AI Article Synopsis

  • The misuse of antibiotics has led to a rise in drug-resistant bacteria, creating a public health crisis due to accelerating antimicrobial resistance (AMR).
  • Identifying and developing efflux pump inhibitors (EPIs) is a promising strategy to combat these resistant bacteria, particularly targeting the NorA efflux pump associated with resistance to fluoroquinolone antibiotics.
  • The study utilized Supervised Molecular Dynamics to explore the substrate recognition pathway of NorA, revealing key amino acids involved in its function, which could facilitate the development of new treatments to inhibit efflux pumps.

Article Abstract

The use and misuse of antibiotics has resulted in critical conditions for drug-resistant bacteria emergency, accelerating the development of antimicrobial resistance (AMR).

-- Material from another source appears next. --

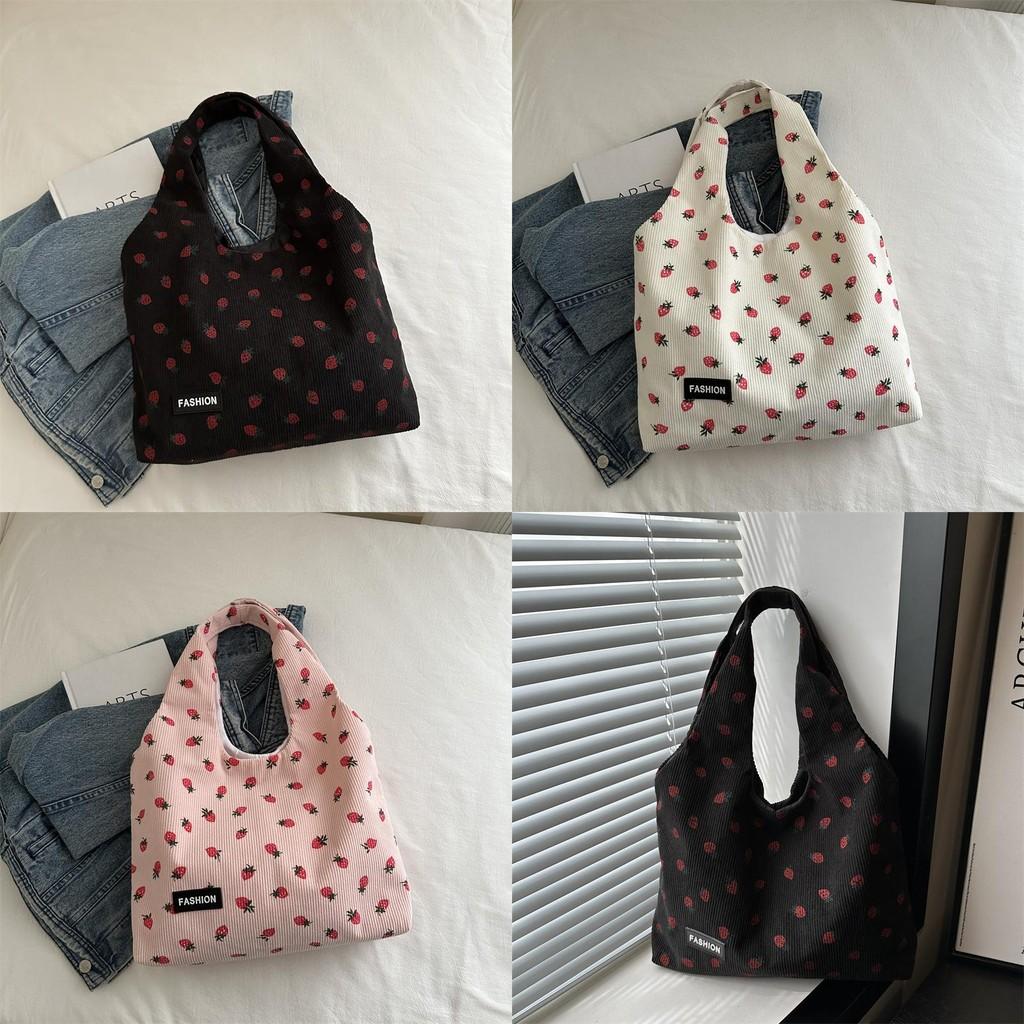 Stylish And Spacious Black White Pink Canvas Tote Bag For Women Ideal For Commuting 2024 Summer New Design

In this context, the co-administration of an antibiotic with a compound able to restore sufficient antibacterial activity may be a successful strategy. In particular, the identification of efflux pump inhibitors (EPIs) holds promise for new antibiotic resistance breakers (ARBs). Indeed, bacterial efflux pumps have a key role in AMR development; for instance, NorA efflux pump contributes to () resistance against fluoroquinolone antibiotics (e.g., ciprofloxacin) by promoting their active extrusion from the cells. Even though NorA efflux pump is known to be a potential target for EPIs development, the absence of structural information about this protein and the little knowledge available on its mechanism of action have strongly hampered rational drug discovery efforts in this area. In the present work, we investigated at the molecular level the substrate recognition pathway of NorA through a Supervised Molecular Dynamics (SuMD) approach, using a NorA homology model. Specific amino acids were identified as playing a key role in the efflux pump-mediated extrusion of its substrate, paving the way for a deeper understanding of both the mechanisms of action and the inhibition of such efflux pumps.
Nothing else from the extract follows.